Monday, Sep. 03, 1951

The Safest Place In Town

It takes 5,500 doctors, nurses, orderlies and laborers to operate Manhattan's vast (four square blocks), city-run Bellevue Hospital; 3,140 patients occupy beds in its endless wards and rooms, and 300 more get emergency treatment every day for physical and emotional injuries incurred in the great city's endless conflicts and accidents. Bellevue's dingy, echoing waiting room, a place of long, hard benches and endless anxious faces, is always crowded.

Looking it over one day early this year, a hard-eyed little dope peddler named

Mariano Rubino decided that Bellevue would be the safest place in town for his headquarters. Every morning at 10:30, he parked his sleek Cadillac in a nearby lot, walked briskly to the hospital with a little black spitz dog trotting beside him on a leash, and sat down in the waiting room. Nobody noticed him, or his customers. He left every evening at 6.

But Bellevue officials began to be puzzled by the fact that narcotics were filtering through the hospital. When they were certain that the hospital's medical supplies were not being tapped, they called in the cops. After weeks of false starts, the police began watching Rubino.

The pattern of his operation began to unfold. A cop dressed as a workman bumped into Rubino one day in a corridor near a dynamo room. "What are you doing here?" the peddler demanded. The 'cop mumbled: "I'm looking for the mess hall." Rubino growled: "Well, this isn't it, so get the hell out of here." The cop left but returned to spy later. Rubino met from three to seven customers a day, walked them around the hospital grounds to the powerhouse and left the buyer holding the dog's leash, while he scuttled inside, mounted the dynamo "like a monkey" and reached into a hole in the ceiling above it.

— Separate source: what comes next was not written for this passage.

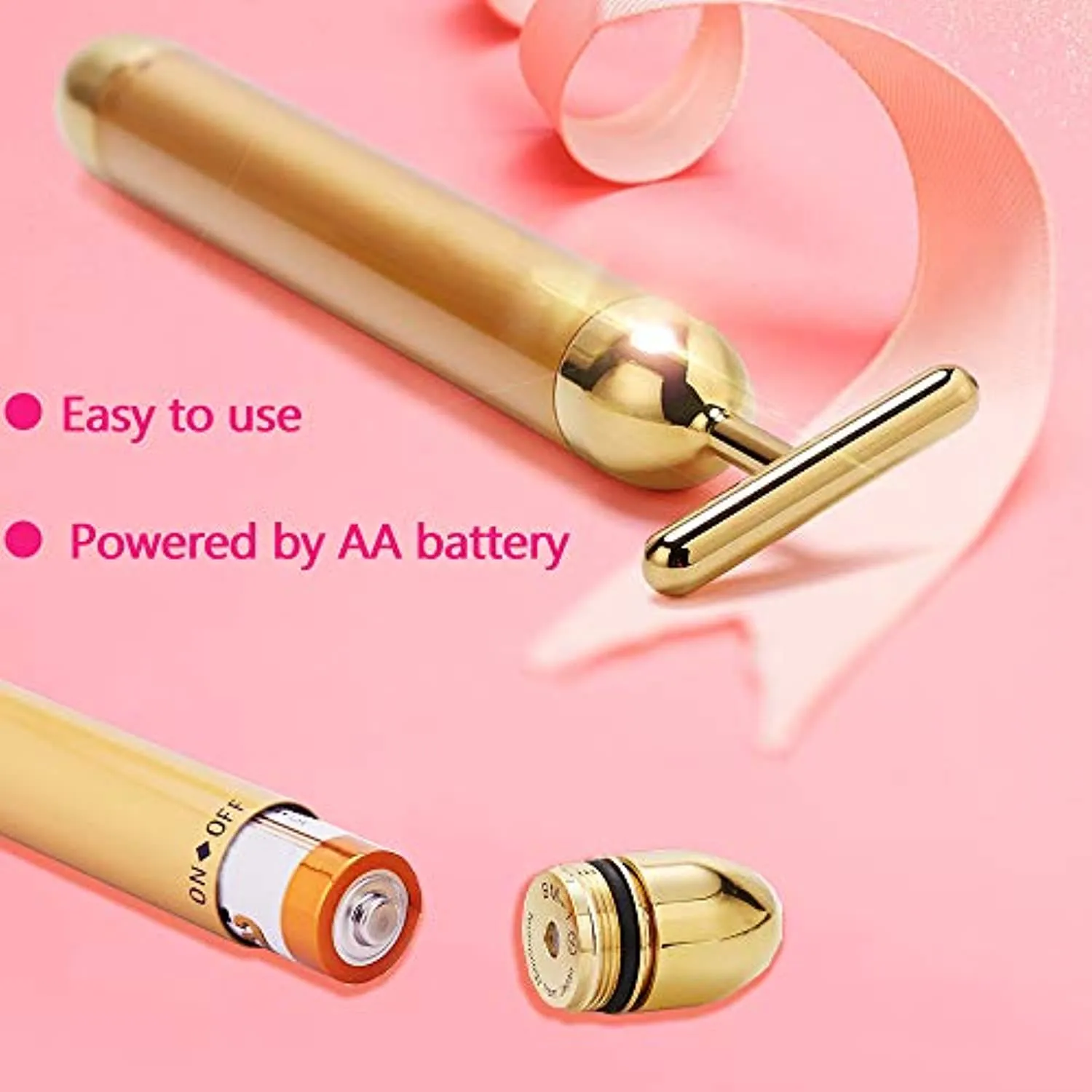 Face Massager Roller Golden 3D Roller Electric Facial Roller and T Shape Facial Roller Massager Kit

When he returned, he handed over a package of "horse," as heroin is known to the trade, retrieved his dog and walked calmly back to the waiting room. Last week, however, he kept his'last rendezvous; the cops jumped him, just after he had handed half an ounce of pure heroin to one Arthur Ricardi. Peddler Rubino fell into a writhing fit on the station-house floor, while Customer Ricardi (see cut) watched him with the telltale yawn of the addict who needs a shot. After an injection of heroin, Rubino talked.

By their first hurried calculations, the cops guessed that Rubino had been grossing $500,000 a year--plus $81.80 a month in relief money, which he had drawn from the city during all his months of using its hospital.